## Aim of the exercise
Output only the lines below from the one holding "THE KOOPLES Bluse" down to the one holding "브리츠 휴대용 캠핑용 자전거 TWS 블루투스 스피커, BZ-TK1, 레드", both end lines included and every picture dropped.

(Stored items)
· · · ·
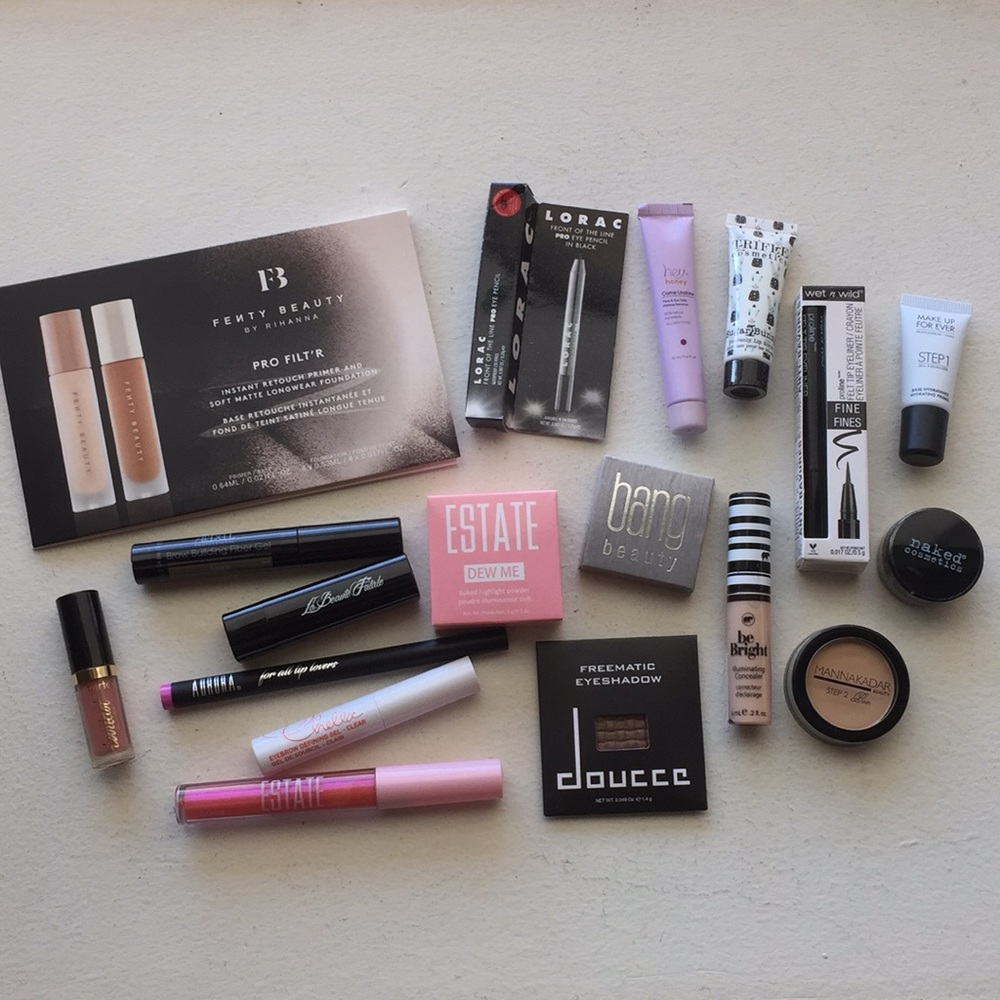 NEW BUNDLE LOT Of Makeup Sephora Ipsy 18 Pieces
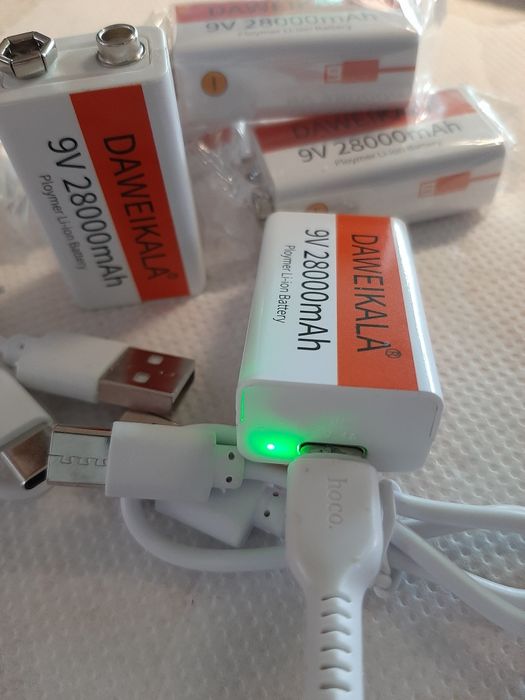 Презареждаща висококачествена батерия 9v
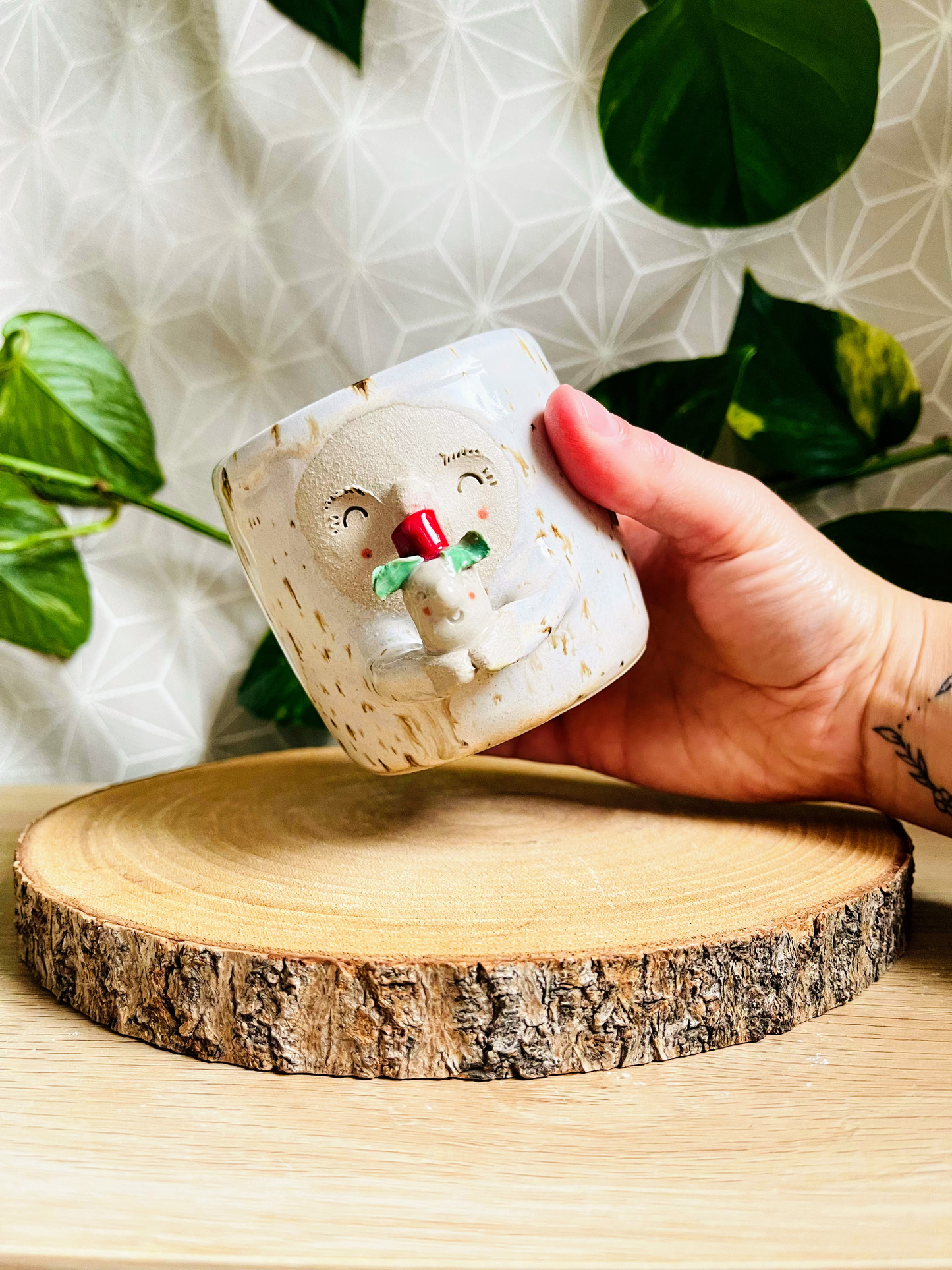 little pot & tiny pot: coffee fleck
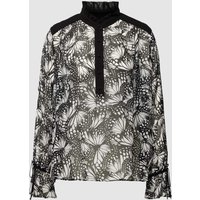 THE KOOPLES Bluse aus Viskose mit Allover-Muster in Black, Größe 38 von THE KOOPLES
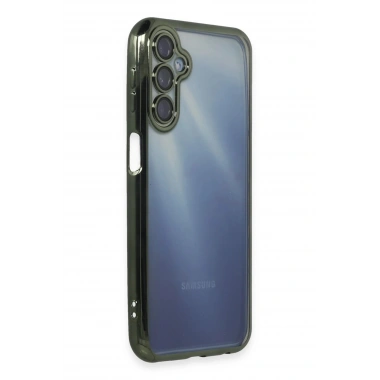 Mey İthalat®  Samsung Galaxy A35 5G Kılıf  Lensli Silikon - Yeşil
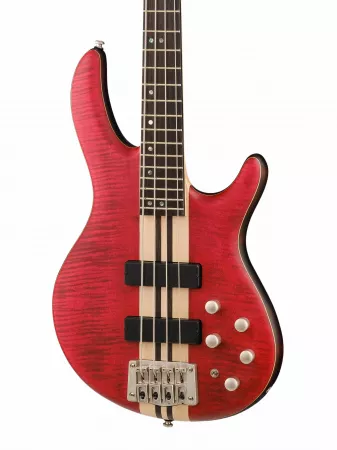Artisan Series Бас-гитара, красная, Cort, A4-Plus-FMMH-OPBC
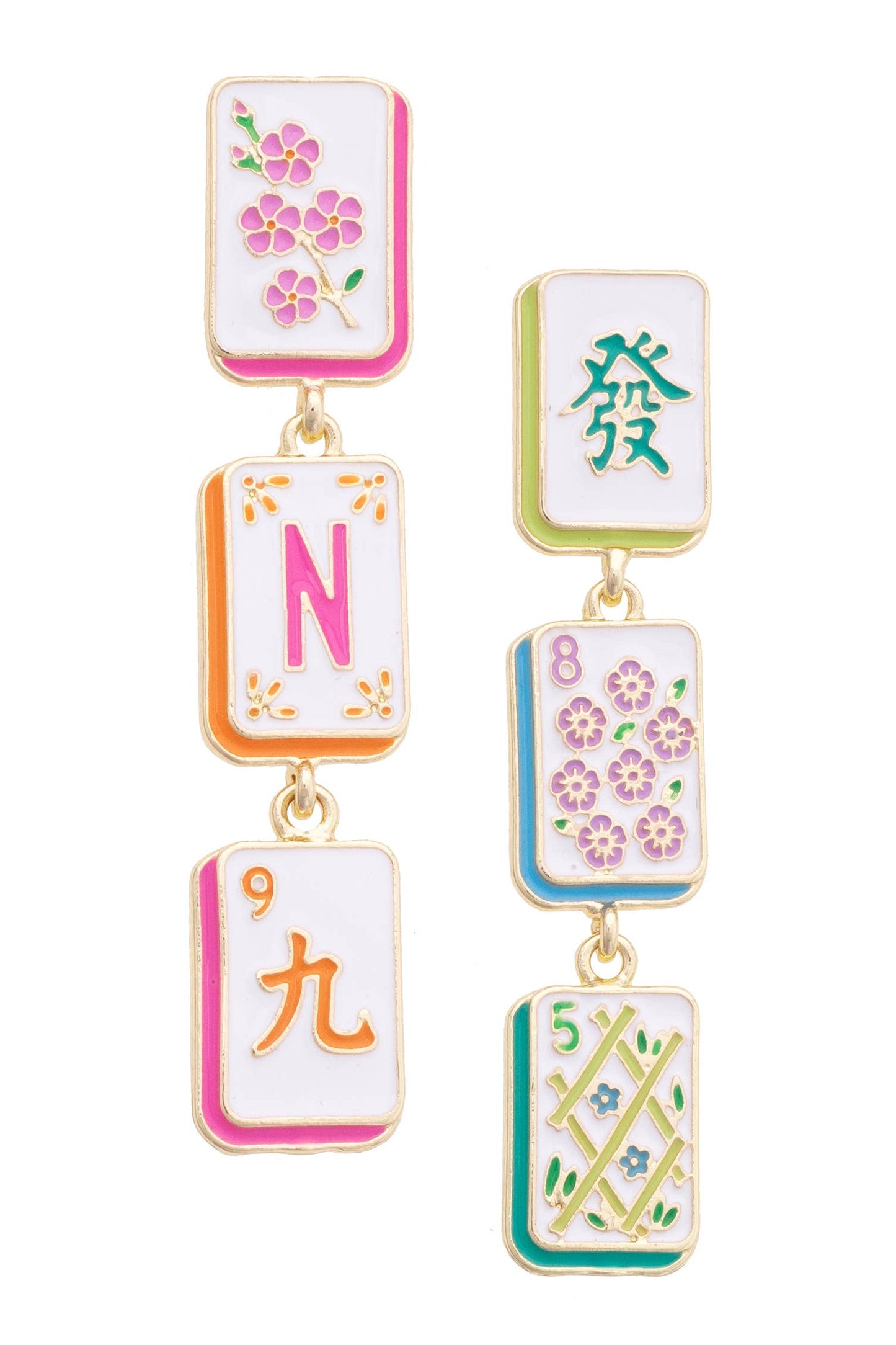 Wanna Mahj?! Tile Earrings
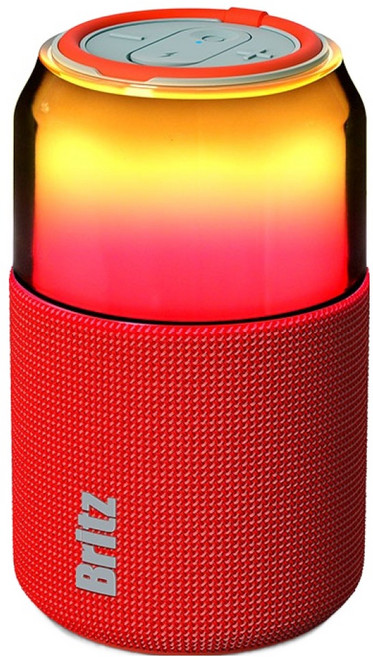 브리츠 휴대용 캠핑용 자전거 TWS 블루투스 스피커, BZ-TK1, 레드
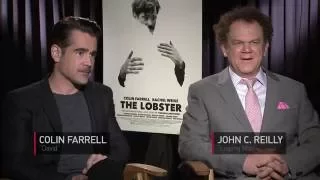 Colin Farrell & John C. Reilly on THE LOBSTER, life & love—Exclusive Interview by Gaia Melikian.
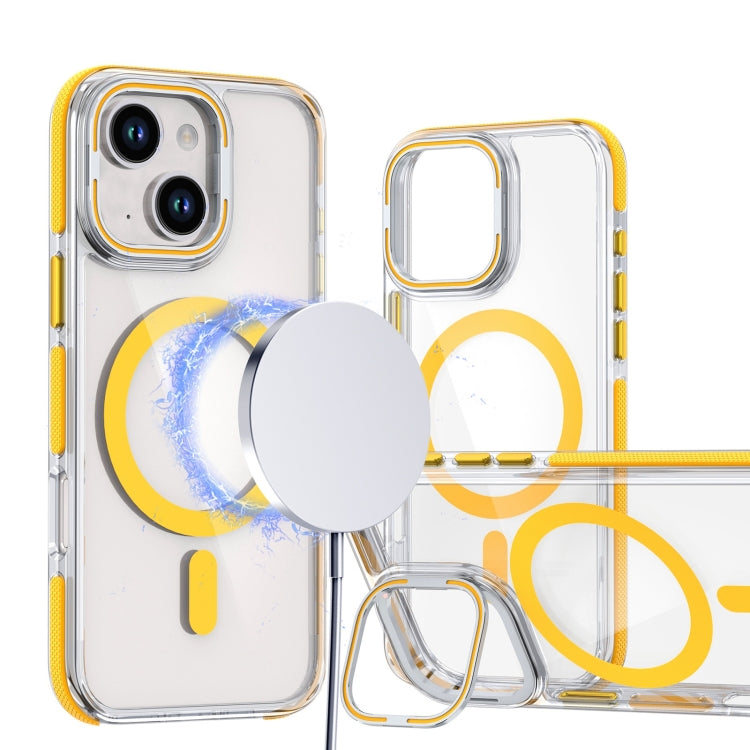 Dual-Color Clear Acrylic Hybrid TPU Lens Flip Holder MagSafe Phone Case, For iPhone 15 Plus, For iPhone 15, For iPhone 14 Plus Apple Accessories engdua4657 iPhone 15 Plus - APEXEL INDIA - Mobile Lens - Mobile Camera Lens - Cellphone Accessories - Phone Lens - Smartphone Lens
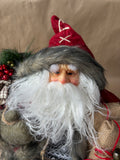 Sitting Santa Claus Christmas Figurine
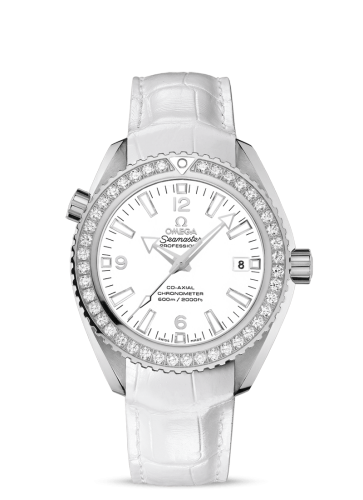 [232.18.42.21.04.001 (aka: 23218422104001)] Seamaster Planet Ocean 600M Co-Axial 42 Stainless Steel / Diamond / White / Alligator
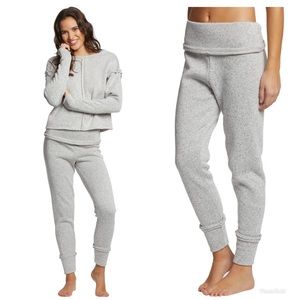 Onezie Cozy Raw Seam Soft Fleece Leggings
· · · ·
## Answer
 THE KOOPLES Bluse aus Viskose mit Allover-Muster in Black, Größe 38 von THE KOOPLES
 Mey İthalat®  Samsung Galaxy A35 5G Kılıf  Lensli Silikon - Yeşil
Artisan Series Бас-гитара, красная, Cort, A4-Plus-FMMH-OPBC
 Wanna Mahj?! Tile Earrings
 브리츠 휴대용 캠핑용 자전거 TWS 블루투스 스피커, BZ-TK1, 레드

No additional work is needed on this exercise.